The interim final rule substantially alters the brokering rules in certain situations, as follows:
- Limits the foreign persons covered under the definition of broker. The interim final rule specifies that foreign persons will be considered brokers when they are located in the United States or owned or controlled by a U.S. person. Foreign entities that do not meet either of these criteria will not be required to register as brokers under the interim final rule.
- Clarifies eligibility requirements related to the receipt of licenses or other approvals from DDTC. The interim final rule clarifies that the manufacturer or source of a defense article or defense service must also meet the eligibility requirements set forth under Part 120 of the International Traffic in Arms Regulations (“ITAR”). In its comments regarding this rule, DDTC noted that it currently expects applicants to screen all parties to their transactions, including the source or manufacturer of a product. Additionally, the final rule specifies that foreign parties must meet the eligibility requirements set forth under Part 120 of the ITAR (which has been amended to clarify how it applies to foreign persons).
- Specifies activities excluded from the definition of brokering activities. The interim final rule articulates a number of activities that are excluded from the definition of “brokering activities.” Among the activities which will be exempt from the definition under the interim final rule are: activities by regular employees acting on behalf of their employer, activities which are only administrative in nature, activities performed by an affiliate on behalf of another affiliate and activities where the person only acts as the end-user or reexporter of a defense article or defense service licensed for export by DDTC.
- Removes notice requirements and specifies those activities for which prior approval is required. The interim final rule removes the requirement for prior notification for certain types of activities and sets forth a discrete list of defense articles and defense services for which approval from DDTC must be obtained prior to engaging in brokering activities.
- Allows for the consolidation of manufacturer/exporter and broker registrations. The final rule allows for registrants to apply for a consolidated registration that would cover their role as all of a manufacturer, exporter and broker. This consolidated registration may also include subsidiaries and affiliates which are owned or controlled by the registrant.
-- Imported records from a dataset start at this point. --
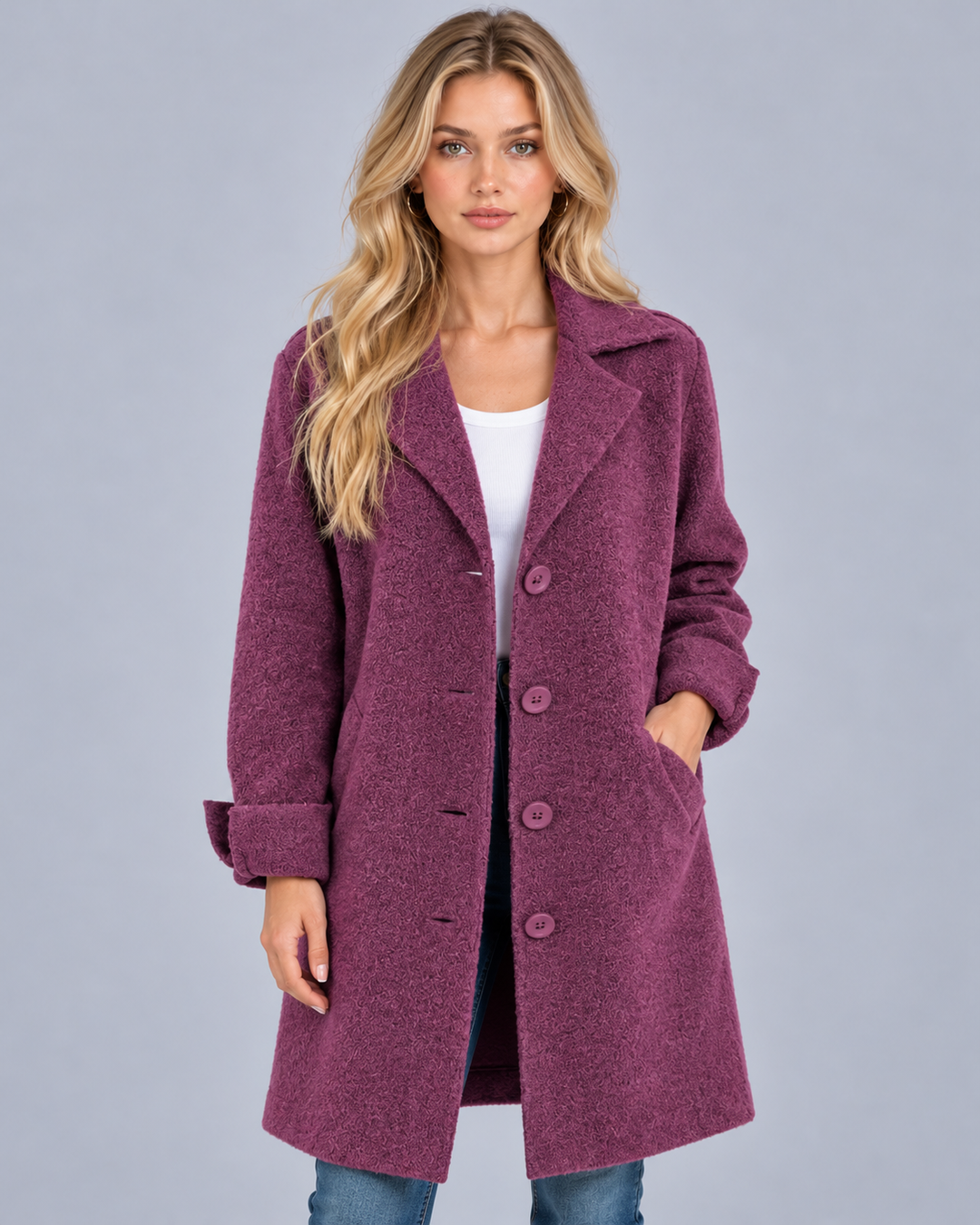 Women's Tailored Coat with Turned-Back Cuffs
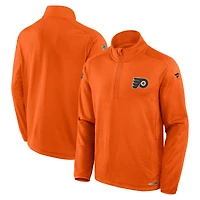 Men's Fanatics Orange Philadelphia Flyers Authentic Pro Rink Quarter-Zip Top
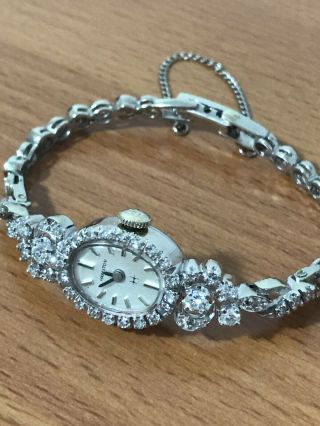 Vintage Hamilton Women’s Watch With Diamond 14k White Gold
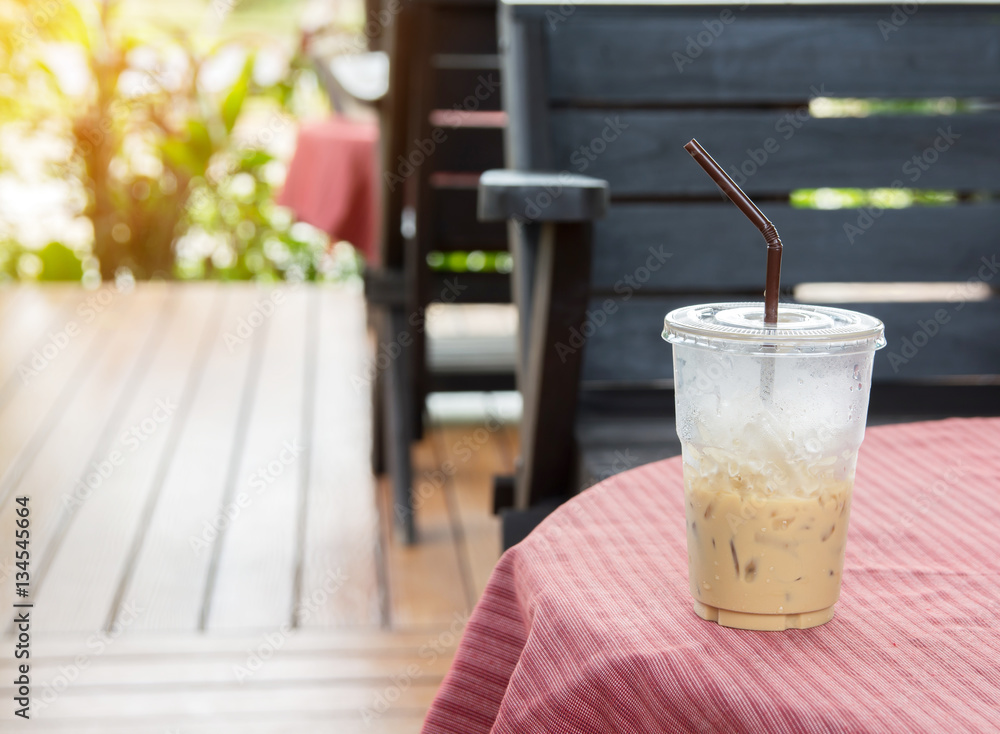 Iced Coffee on Red Desk Background Iced Coffee on Red Desk Background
For those companies who currently have both manufacturer/exporter registrations and broker registrations, those registrations will be consolidated at the time of registration renewal.
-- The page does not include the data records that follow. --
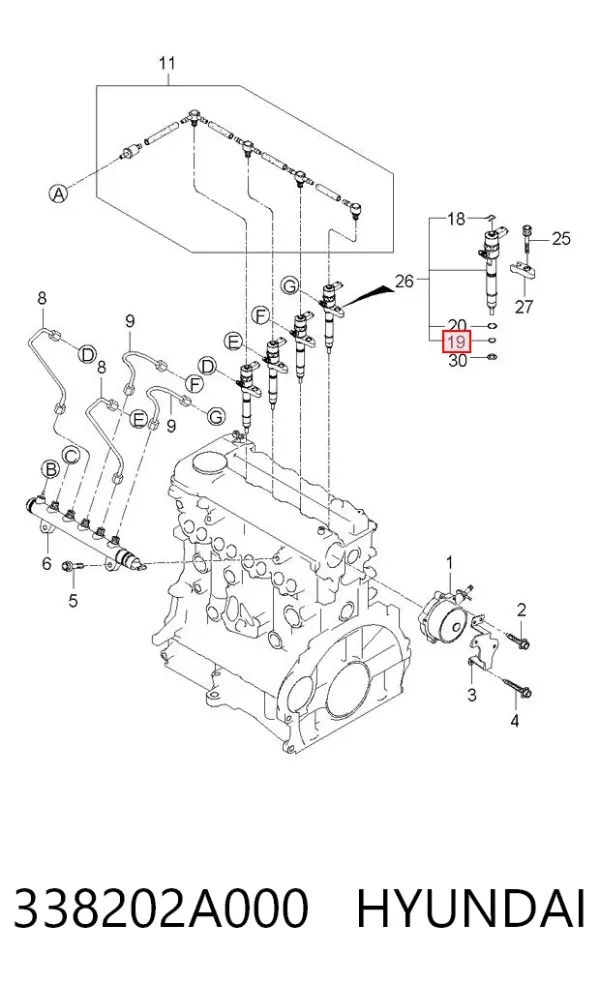 Кольцо форсунки 338202A000 Hyundai/Kia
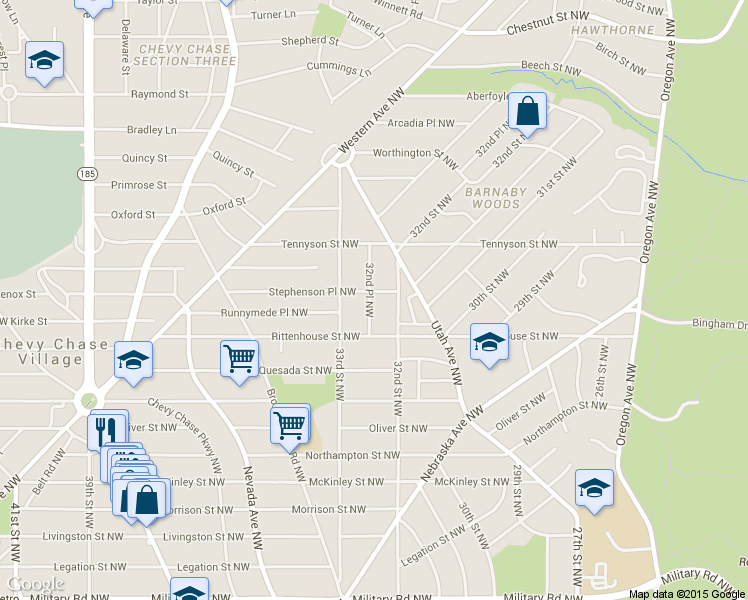 map of restaurants, bars, coffee shops, grocery stores, and more near 3214 Stephenson Pl NW in Washington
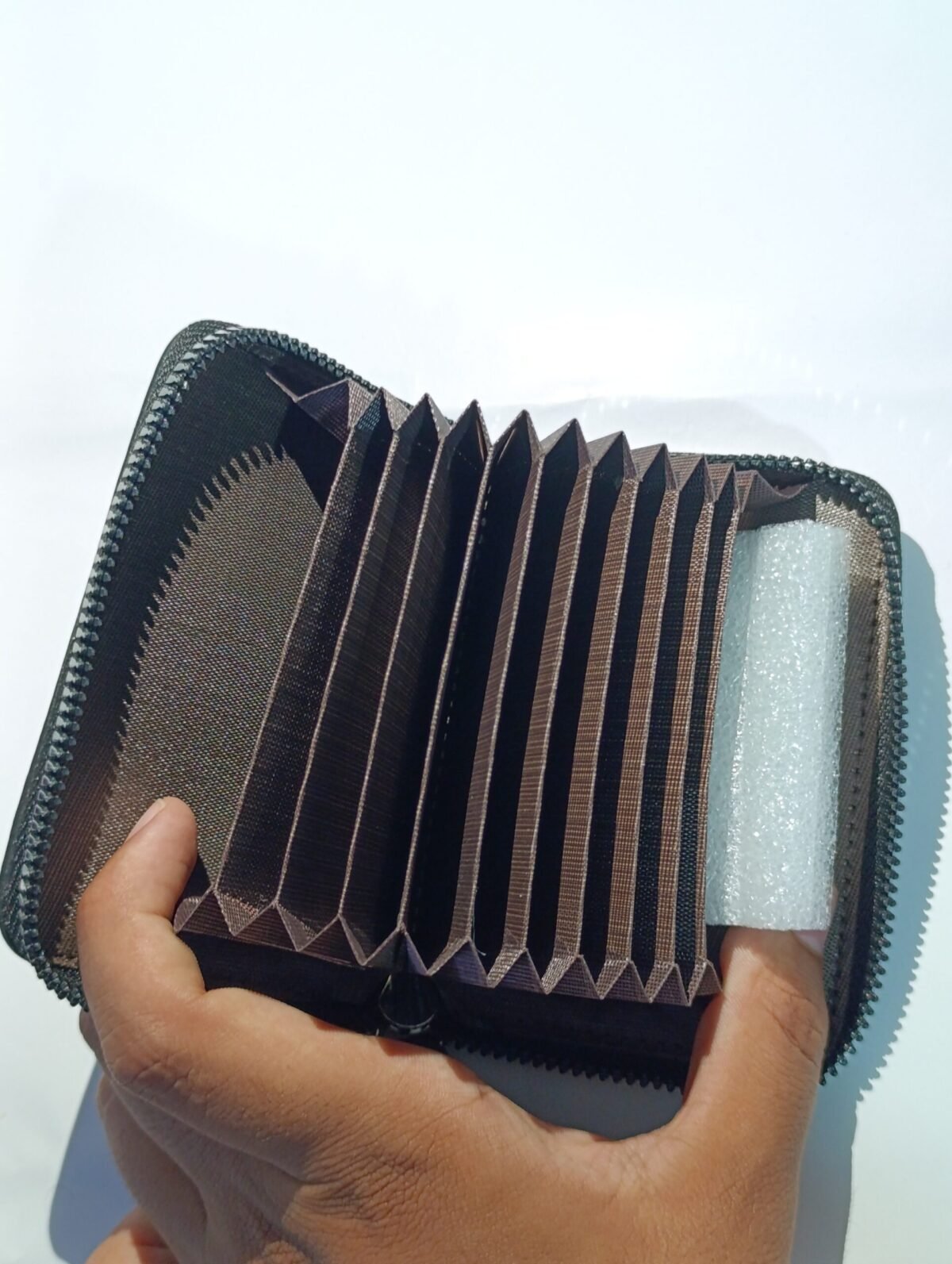 Zipper Wallet – 9 Card Slots & 2 Cash Pockets | Black & Light Brown Combination - Image 3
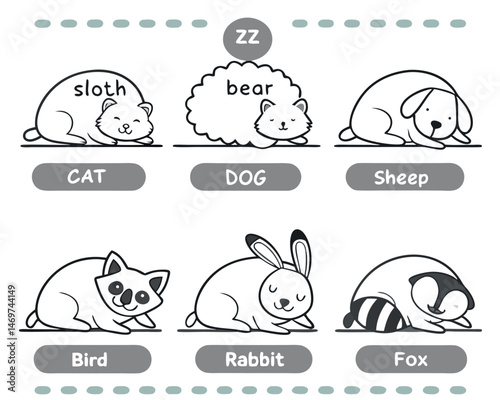 Sleeping Animal Icon Set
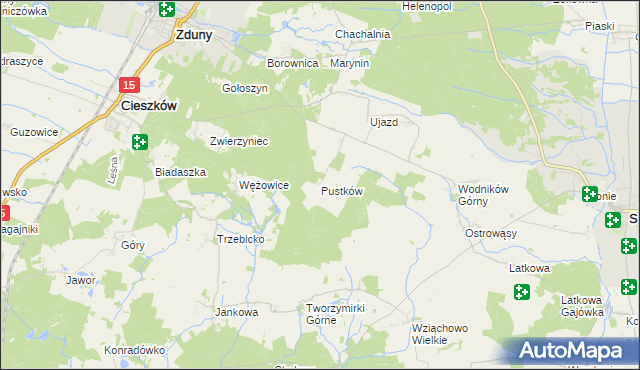 mapa Pustków gmina Cieszków, Pustków gmina Cieszków na mapie Targeo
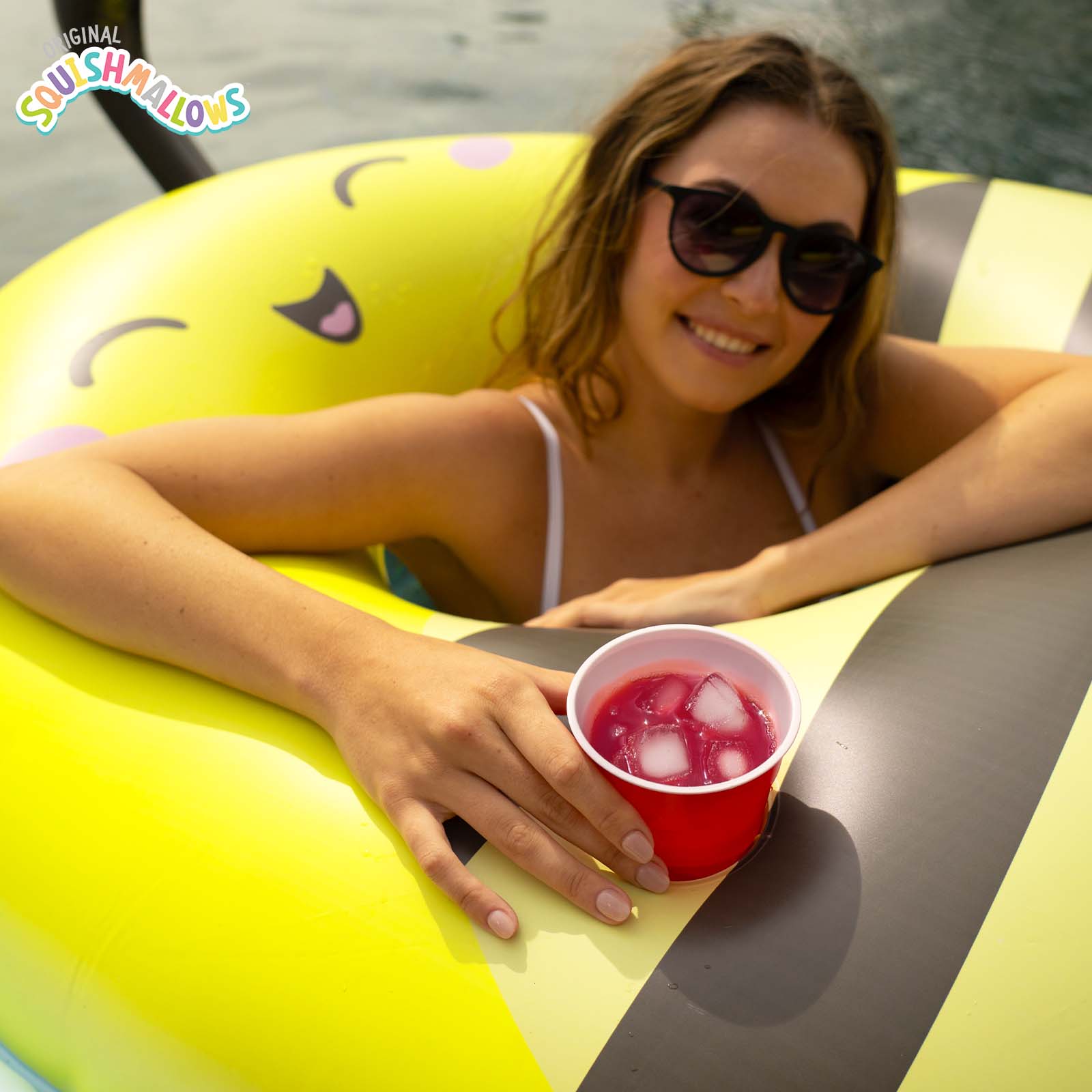 Squishmallows Sunny the Bee 42 inch pool float with cupholder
Although the interim final rule sets clearer boundaries with respect to certain kinds of activities, the rule continues to cover a broad range of activities under the definition of brokering. Therefore, it will remain important for companies to carefully examine any activities in which it or its subsidiaries or affiliates are involved related to the manufacture, export, import, transfer, reexport or retransfer of U.S. or foreign-origin defense articles.
In addition, companies should be mindful that the brokering provisions apply not only to activities related to exports of U.S.- and foreign-origin defense articles on the United States Munitions List (“USML”) but also to activities related to permanent imports of items on the United States Munitions Import List (“USMIL”). While both the USML and USMIL were created under the Arms Export Control Act, the two lists are administered by separate agencies and the changes to the USML as a result of export control reform have not been made to the USMIL at this time. Therefore, it is possible that engaging in brokering activities related to the permanent import of certain products which have transitioned to the EAR as part of export control reform will remain subject to the brokering provisions under the new rule.
Although the rule takes effect on October 25, DDTC is accepting comments related to the rule and will publish a final rule incorporating any changes arising from such comments. Interested parties should submit comments by October 10, 2013.